Seventy-nine million Americans, most in their late teens and early 20s, are infected with HPV, according to the Centers for Disease Control and Prevention website.
When a woman is infected with HPV and it doesn’t go away on its own, abnormal cells can develop in the lining of the cervix, said Melinda Madison, women’s health nurse practitioner. These cells can increase the risk of precancers and cervical cancer.
Students can get Pap smears and HPV testing on campus at the women’s health clinic, or at private obstetrics/gynecology offices, family practices, Tarrant County community clinics and many other places, Madison said.
HPV is the leading cause of cervical cancer, she said. This is why doctors recommend women start Pap smears, a procedure that tests for cervical cancer, at the age of 21.
Madison said another factor that could lower the risk of cervical cancer is the HPV vaccine, Madison said. The vaccine will most likely clear a person for HPV, but it won’t clear everyone.
Nursing senior Tiffany Pereyra said although the women in her family don’t see the importance in routine screenings and don’t acknowledge the risks of cervical cancer, she takes the initiative to get tested for her own peace of mind.
“My grandma had ovarian cancer, and I mean, I know they’re obviously different but just even knowing that it’s a hazard for me, and then I have an endocrine disorder that has to do with my ovaries,” Pereyra said. “It’s just something that I think is important.”
The average age that cervical cancer is diagnosed is 48, and it rarely affects people younger than 20, according to the Planned Parenthood website.
Madison said like many other diseases, early detection of HPV or cervical cancer means a faster start to treatment, which is why routine testing is important.
Pap smears should generally be repeated at least every three years for women between the ages of 21 to 65, she said.
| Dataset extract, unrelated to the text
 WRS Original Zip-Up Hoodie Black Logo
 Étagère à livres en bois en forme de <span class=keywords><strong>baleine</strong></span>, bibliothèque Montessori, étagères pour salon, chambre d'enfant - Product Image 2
For women ages 30 and above, doctors recommend a combination of Pap smears and HPV tests.
Neuroscience transient student Aleena Aamal said because women in her family have taken the lead and have started getting Pap smears, she plans on getting one next year when she turns 21.
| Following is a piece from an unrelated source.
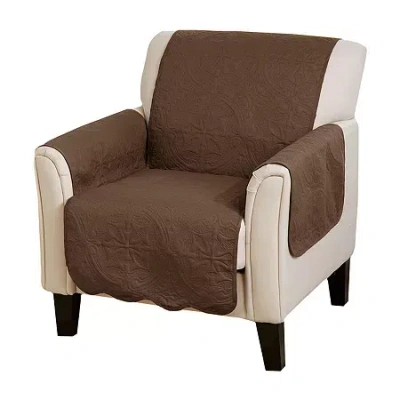 Linery Medallion Chair Protector In Brown
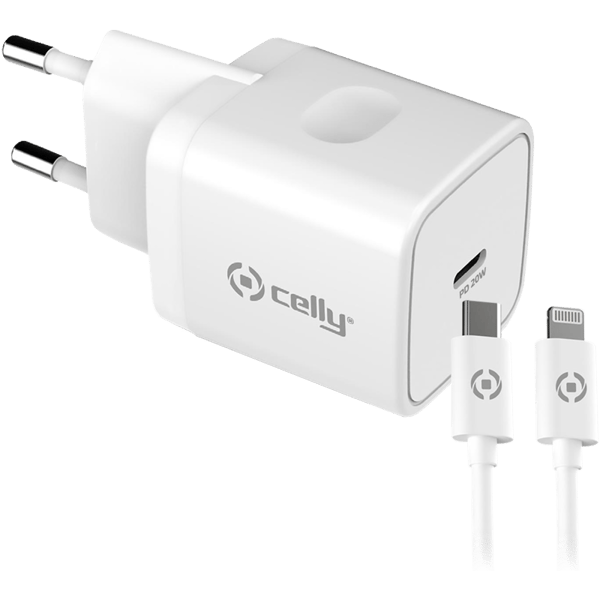 Celly USB-C 20 W lader og kabel - B - Veldig bra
“We know that it’s something you have to do eventually,” Aamal said.
According to the Planned Parenthood website, there are over 200 kinds of HPV and although most of them are not harmful and will go away on their own, at least a dozen types can last and possibly lead to cancer.
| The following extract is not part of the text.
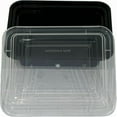thumbnail image 4 of JC 240 Sets of Black Meal Prep Box with Lids - 12oz Microwave Takeout Containers for Takeout & Lunch, 4 of 7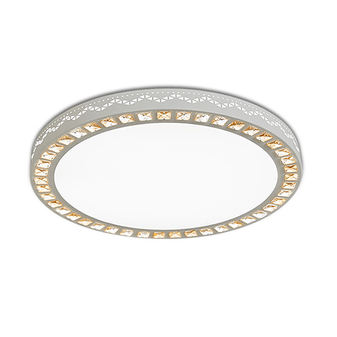 英式圆形创意花边吸顶灯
Neuroscience transient student Ranjani Anirudhan said she received the HPV vaccine when she was younger because her mother made sure she got it.
Regular doctor visits aren’t common in her family, Anirudhan said, but she’s glad that her college education has informed her on the risks of cervical cancer and the resources available to lower its risk.
From her experience, she said family and campus health services play an important role in educating and raising awareness among college students.